Task item: Transcribe every line from the one containing "Mint pear rounded soft blend brush" through the end of the records below, exactly, but not the pictures.

----- Excerpted records

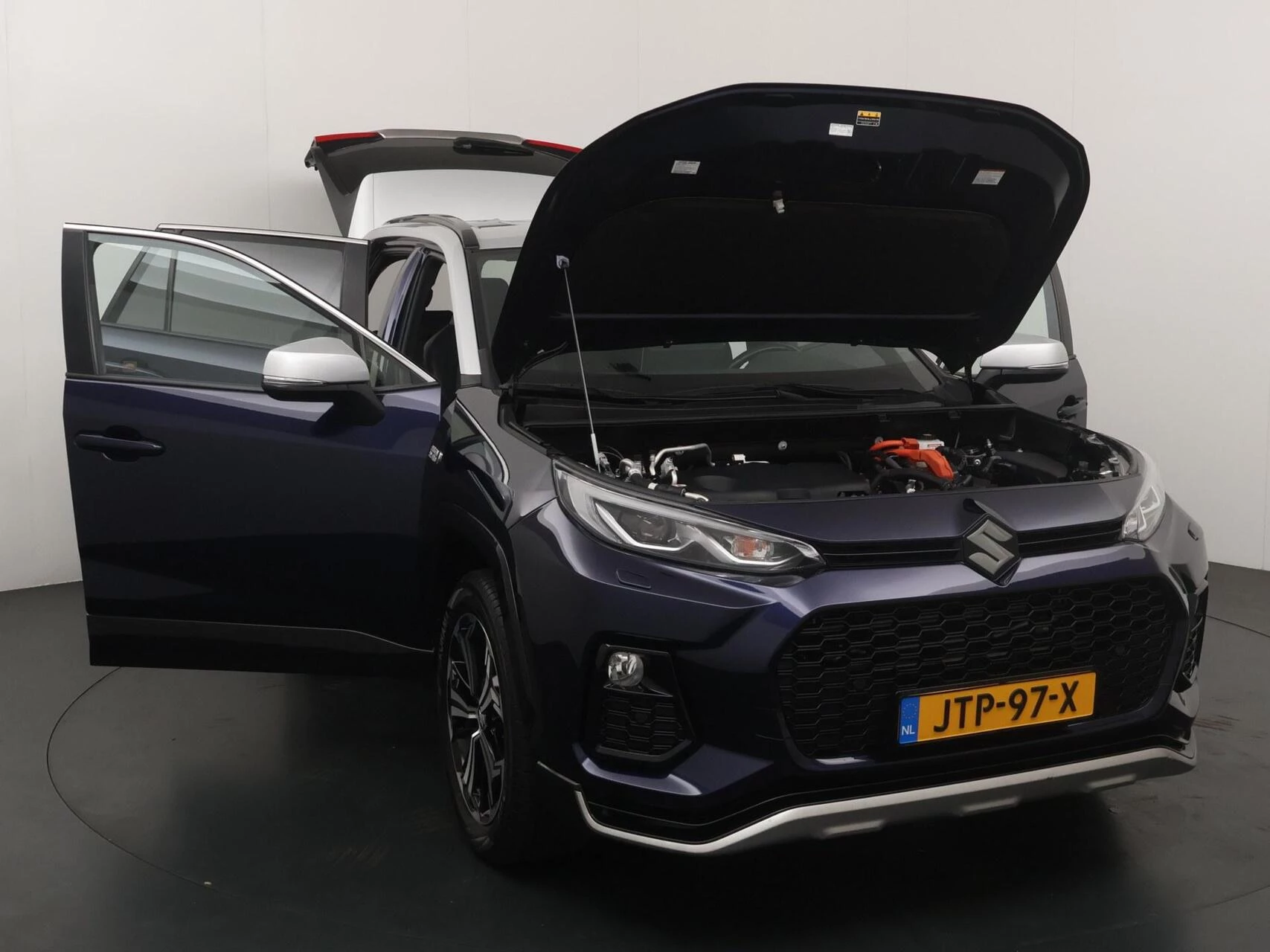 Hoofdafbeelding Suzuki Across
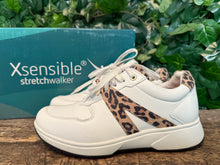 Afbeelding in Gallery-weergave laden, Bijna Nieuwe sneakers van Xsensible maat 38 (wijdte HX)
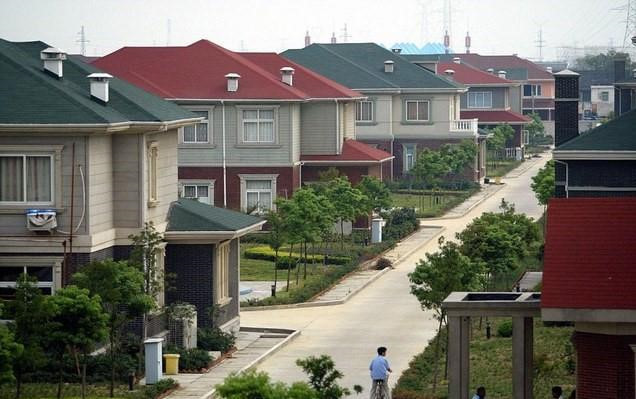 Năm 2003, Hoa Tây trở thành ngôi làng đầu tiên tại Trung Quốc có mức tổng thu nhập là 150 triệu USD (tương đương 3.300 tỷ đồng). Trong làng còn có riêng một công ty công nghiệp đa ngành được niêm yết trên thị trường chứng khoán với giá trị khoảng 6,5 tỷ Euro (tương đương 162.000 tỷ đồng). (Nguồn ảnh: Dwnews)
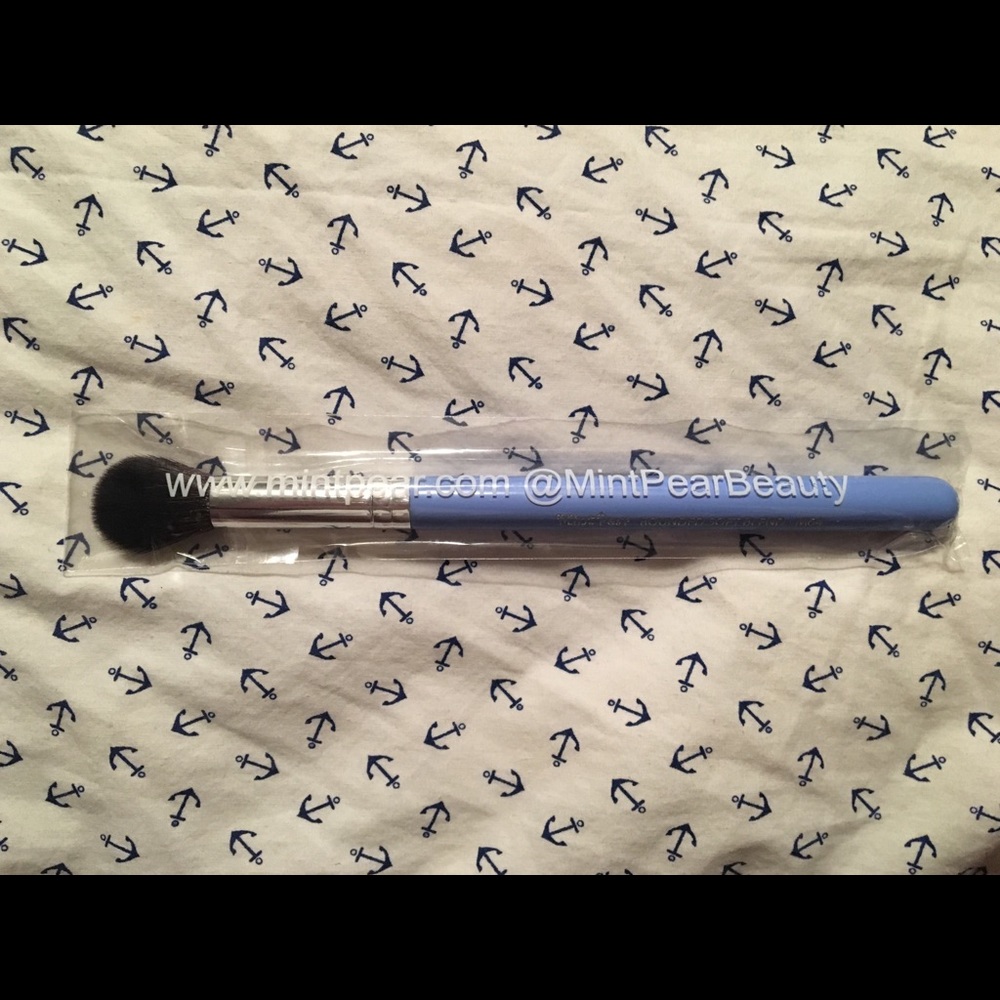 Mint pear rounded soft blend brush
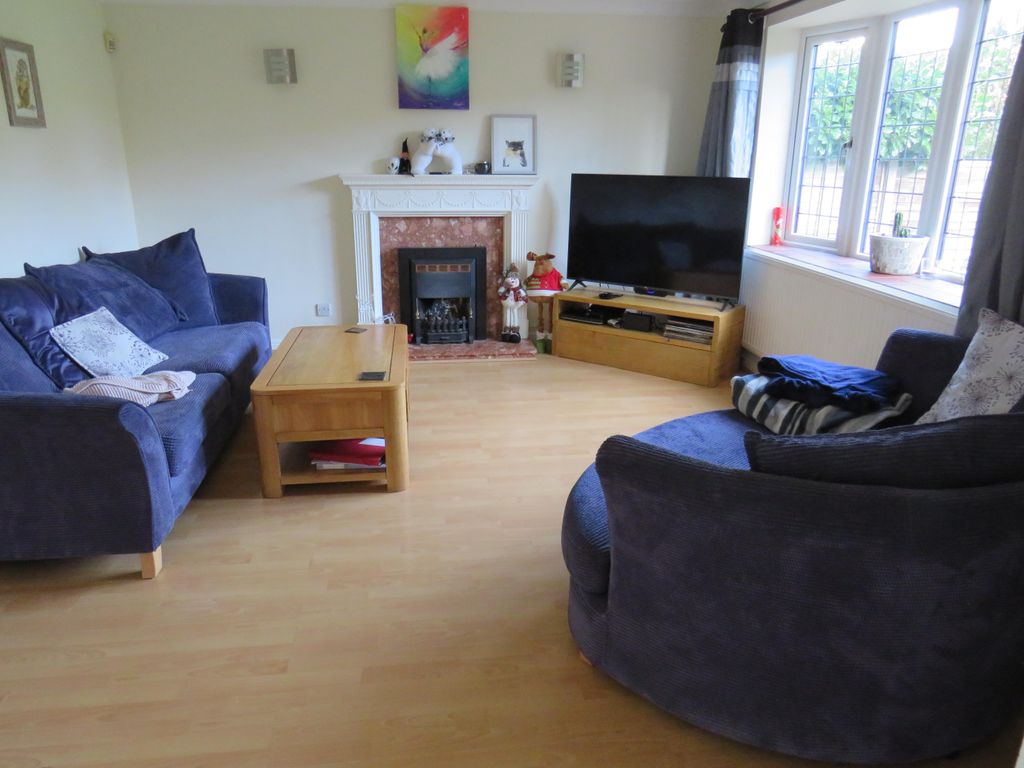 Property photo 2 of 10 Living Room
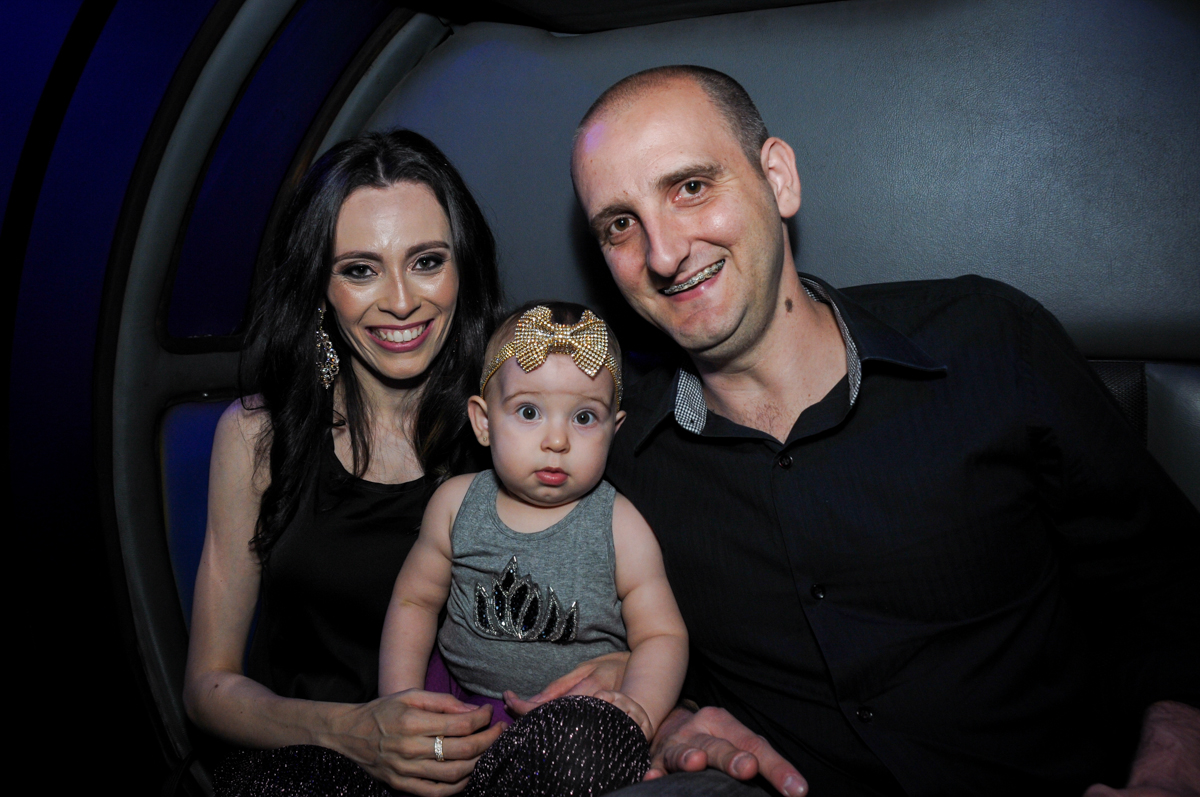 família feliz na festa da victória no buffet amazing, alphaville,sp, tema da mesa bonecas princesas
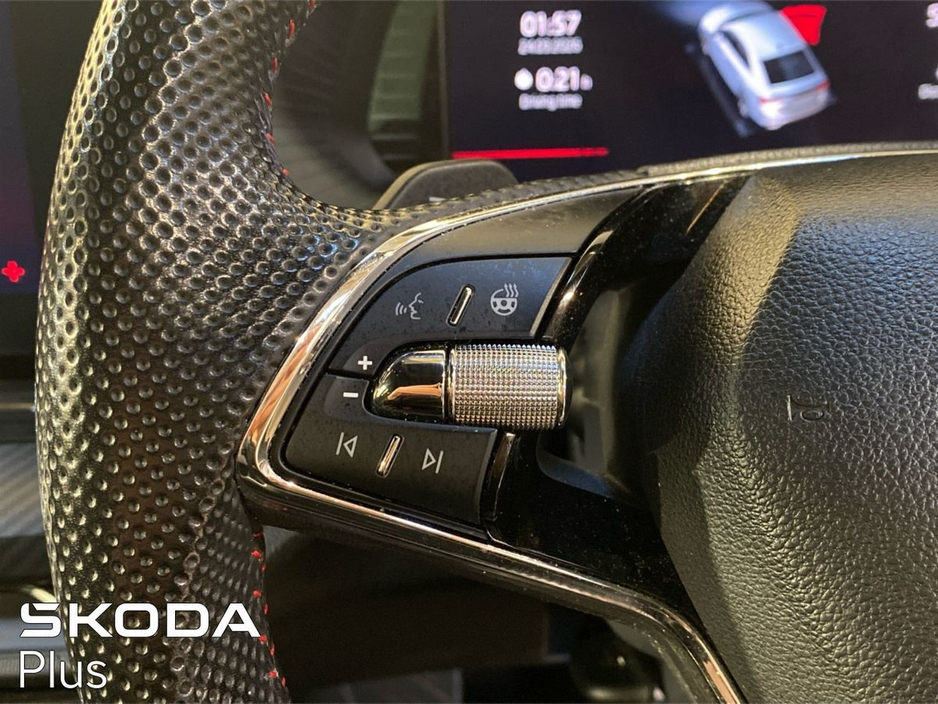 2024 Skoda Octavia - image 12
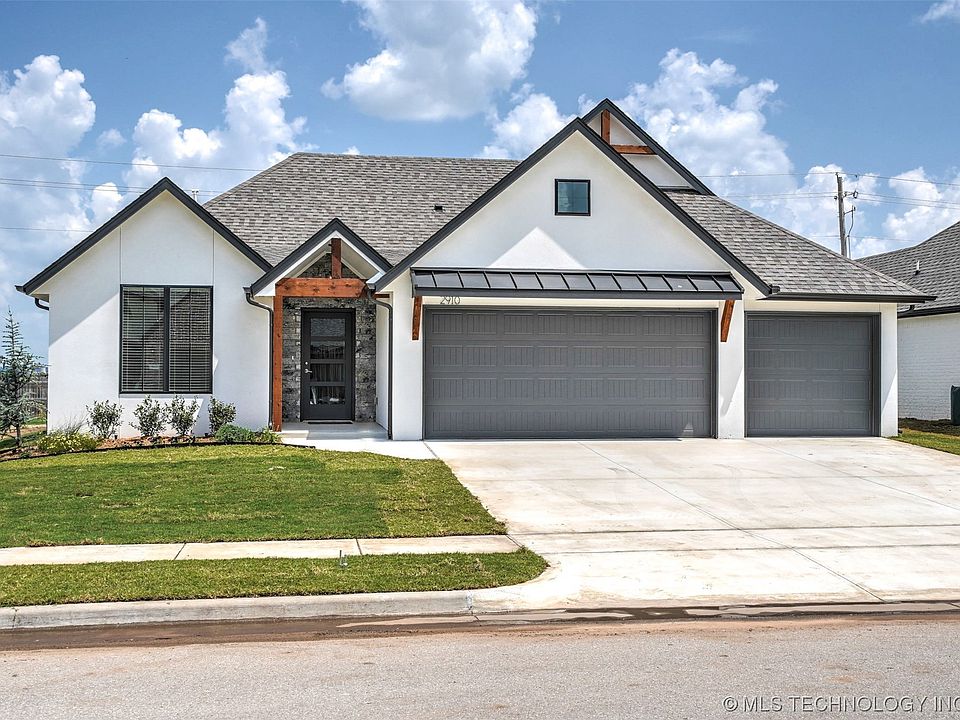 1st image of 2910 E Rockford Pl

----------

The answer:
 Mint pear rounded soft blend brush
 Property photo 2 of 10 Living Room
 família feliz na festa da victória no buffet amazing, alphaville,sp, tema da mesa bonecas princesas
 2024 Skoda Octavia - image 12
 1st image of 2910 E Rockford Pl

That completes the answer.